1.1     To plot the radiation pattern of Dipole Antenna in E & H planes on log & linear scales on polar and Cartesian plots.

 


1.2.    To measure the beamwidth (-3 dB), front to back ratio, side lobe level and its angular position, plane of polarization and directivity and gain of Dipole Antenna.


2.   THEORY


Antennas are a fundamental component of modern communication systems. By definition, an antenna acts as a transducer between a guided wave in a transmission line and an electromagnetic wave in free space. Antennas demonstrate a property known as reciprocity, which is an antenna will maintain the same characteristics regardless if it is transmitting or receiving. When a signal is fed into an antenna, the antenna will emit radiation distributed in space a certain way. A graphical representation of the relative distribution of the radiated power in space is called a radiation pattern. The radiation pattern of the antenna is of principle concern when engineering a communications system. Let’s assume that a signal needs to be sent from an antenna on the ground to a satellite in orbit. This would require a radiation pattern with the majority of its radiated power focused into orbit. If the antenna is not engineered to do so, contact cannot be established between the signal source and its target. There are many different ways to manipulate a radiation pattern to meet the demands of a specific task. These concepts are the principle focus of this lab assignment. Implementing this lab assignment, students will examine the radiation patterns of several antennas by hands on field testing. Only the most fundamental antennas were chosen for this lab assignment. This allows us to see visually how the most common types of real-world antenna designs function.

 

The following is a glossary of basic antenna concepts.


2.1.      Antenna


An antenna is a device that transmits and/or receives electromagnetic waves. Electromagnetic waves are often referred to as radio waves. Most antennas are resonant devices, which operate efficiently over a relatively narrow frequency band. An antenna must be tuned to the same frequency band that the radio system to which it is connected operates in, otherwise reception and/or transmission will be impaired.

 

 

2.2     Wavelength 

We often refer to antenna size relative to wavelength. For example: a half-wave dipole, this is approximately a half-wavelength long.

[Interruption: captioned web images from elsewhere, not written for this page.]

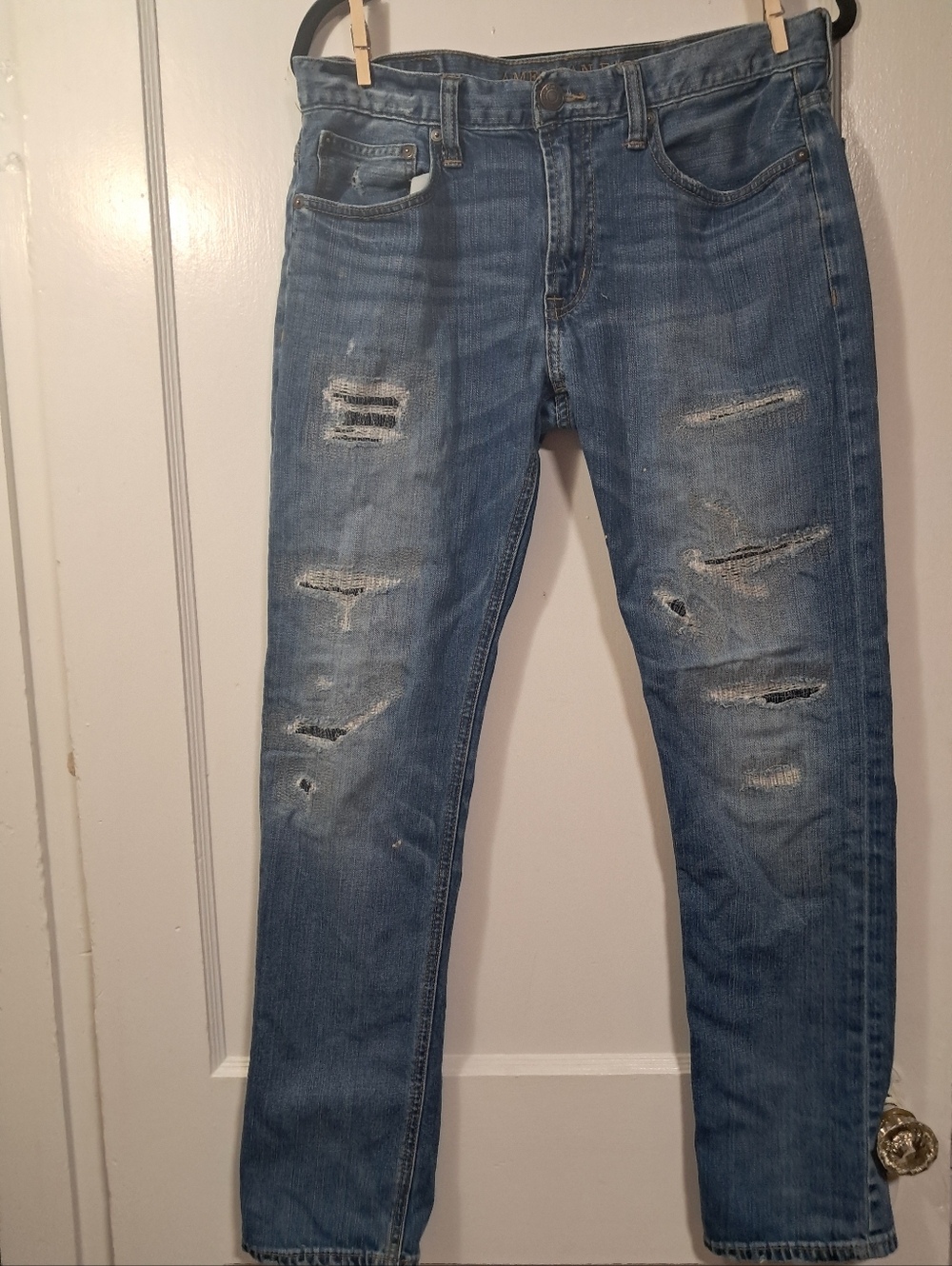 American Eagle Outfitters Distressed Patched Light Blue Mens Slim Straight Jeans - Picture 2 of 11
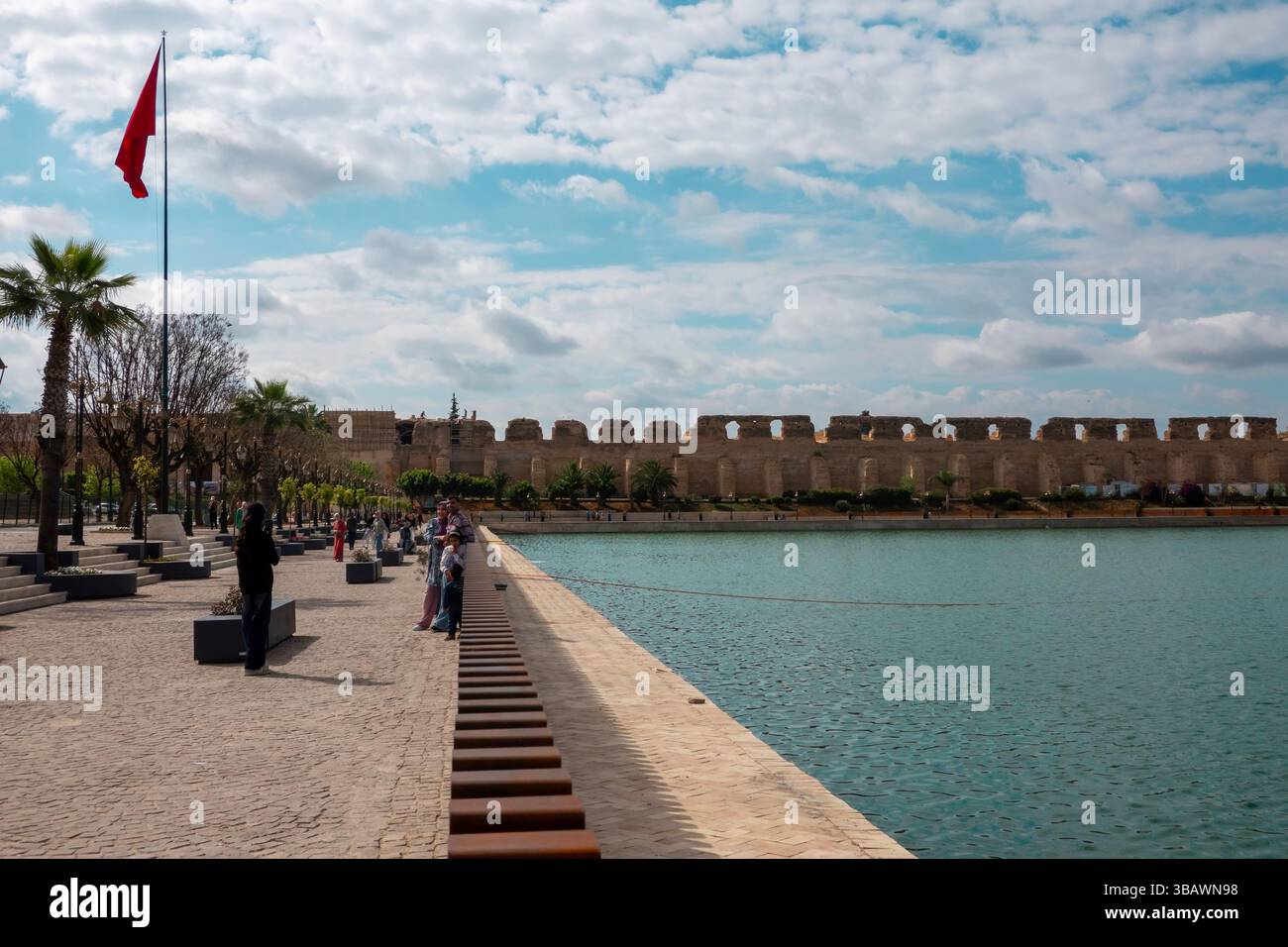 Meknes, Marocco - 4 maggio 2025: Bassin de l'Agdal anche Sahrij Swani o Souani è un grande bacino che fornisce acqua all'intera città di Meknes. Foto Stock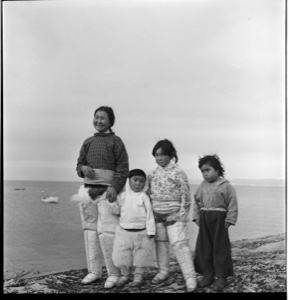 Image: Eskimo [Inuit] mother and three children 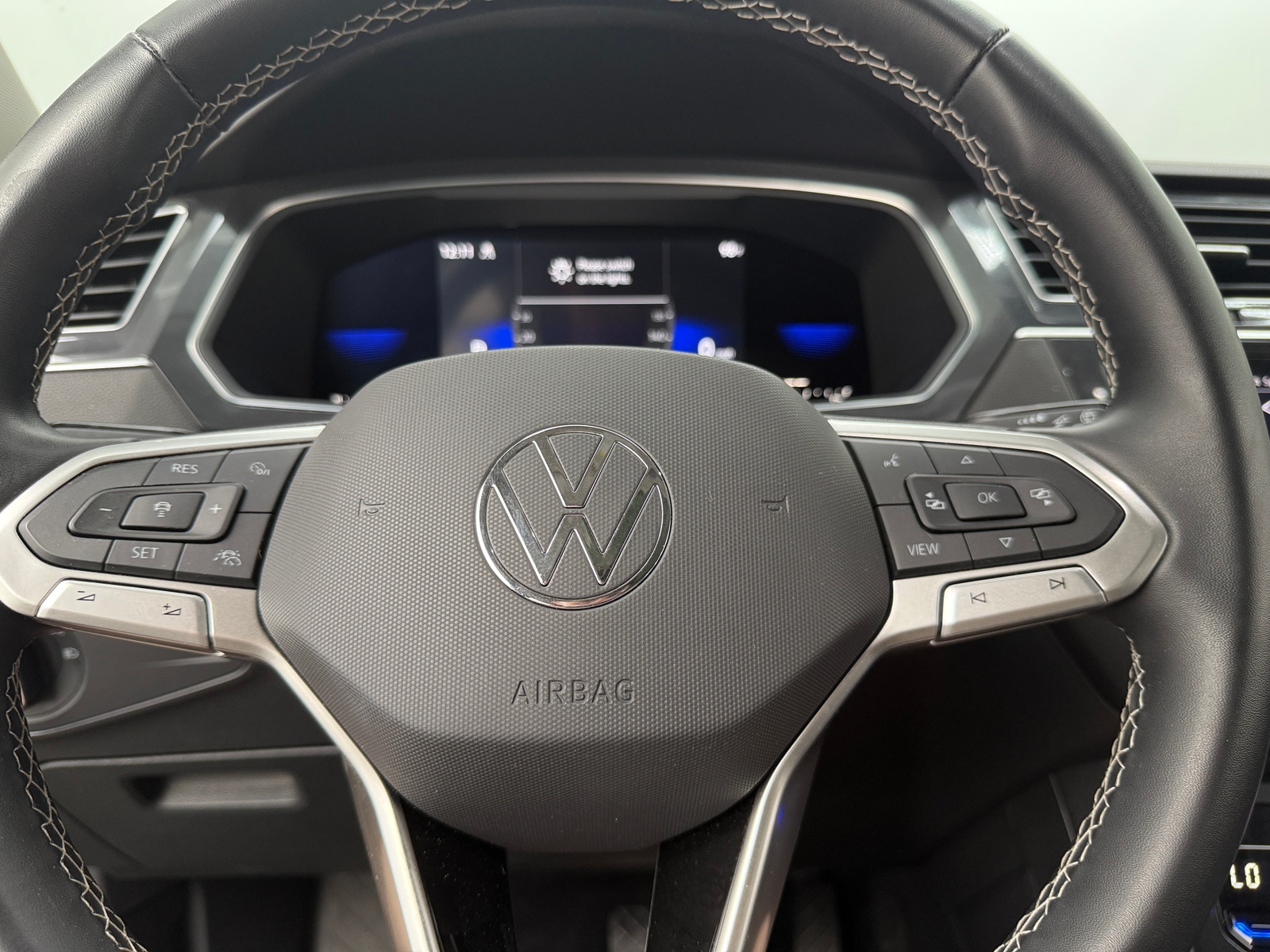 Thumbnail: 2022 Volkswagen Tiguan - 4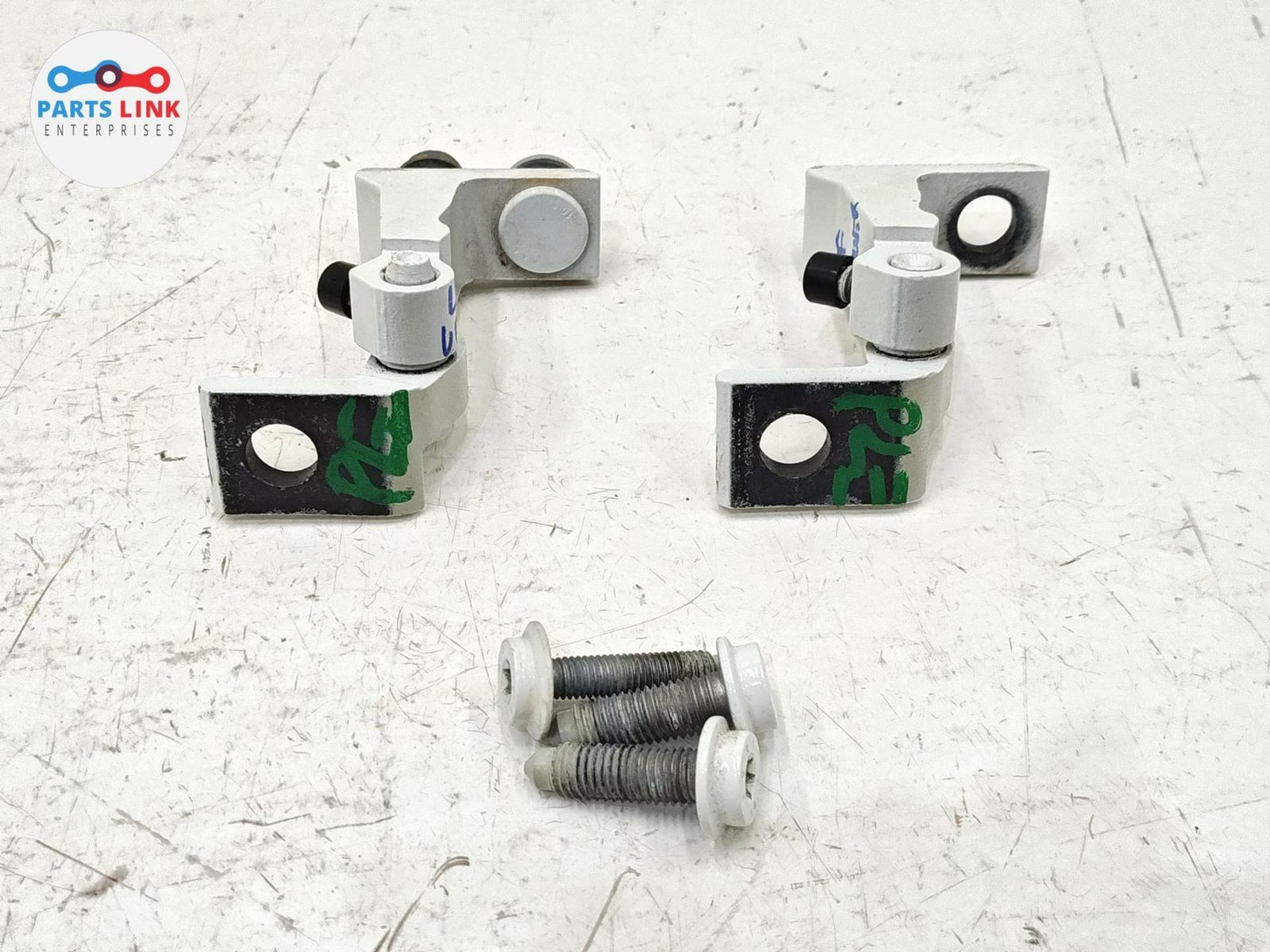 Bentley Bentayga Speed 2017-2020 Front Left Door hinges Set White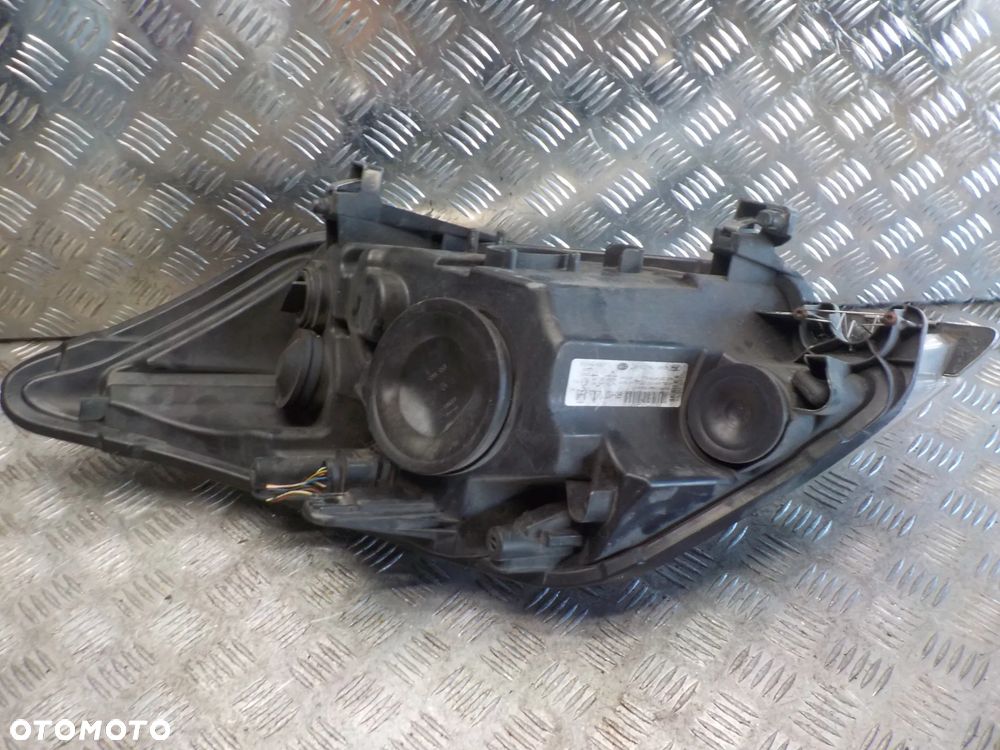 FORD KUGA MK1 LAMPA PRAWA PRZÓD WERSJA ANGIELSKA 8V41-13W029-BE - 3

Wavelength is the distance a radio wave will travel during one cycle. The formula for wavelength is shown on the next page. Note: The length of a half-wave dipole is slightly less than a half-wavelength due to end effect. The speed of propagation in coaxial cable is slower than in air, so the wavelength in the cable is shorter. The velocity of propagation of electromagnetic waves in coax is usually given as a percentage of free space velocity, and is different for different types of coax.

 

2.3     Bandwidth

Bandwidth can be defined in terms of radiation patterns or VSWR/reflected power. The definition used is based on VSWR. Bandwidth is often expressed in terms of percent bandwidth, because the percent bandwidth is constant relative to frequency. If bandwidth is expressed in absolute units of frequency, for example MHz, the bandwidth is then different depending upon whether the frequencies in question are near 150, 450, or 825 MHz A mathematical analysis of bandwidth is provided below.

 

PERCENT BANDWIDTH IS DEFINED AS:

 


                                  BW=100(FH-FL)/FC

 


WHERE:

 


               Fis the HIGHEST FREQUENCY IN THE BAND

 


                FL is the LOWEST FREQUENCY IN THE BAND

 


AND,      

 

  

               FC = (FH + FL)/2

 


 

2.4      Directivity and Gain


Directivity: Given a set of spherical polar coordinates we can determine the power density in watts/ (square meter) for both the antenna being investigated, and the isotropic reference antenna, which is radiating the sane total power. The ratio of these power densities gives the directivity of the unknown antenna in the direction at a distance R from the antenna. If the direction is not specified, the “directivity” is taken to be the maximum directivity of any of the directions of radiation. The quoted definition is: “The directivity of an antenna is defined as the ratio of the radiation intensity in a given direction from the antenna, to the radiation intensity averaged over all directions; The average radiation intensity is equal to the total power of the antenna divided by 4. If the direction is not specified the directivity refers to the direction of maximum radiation intensity”.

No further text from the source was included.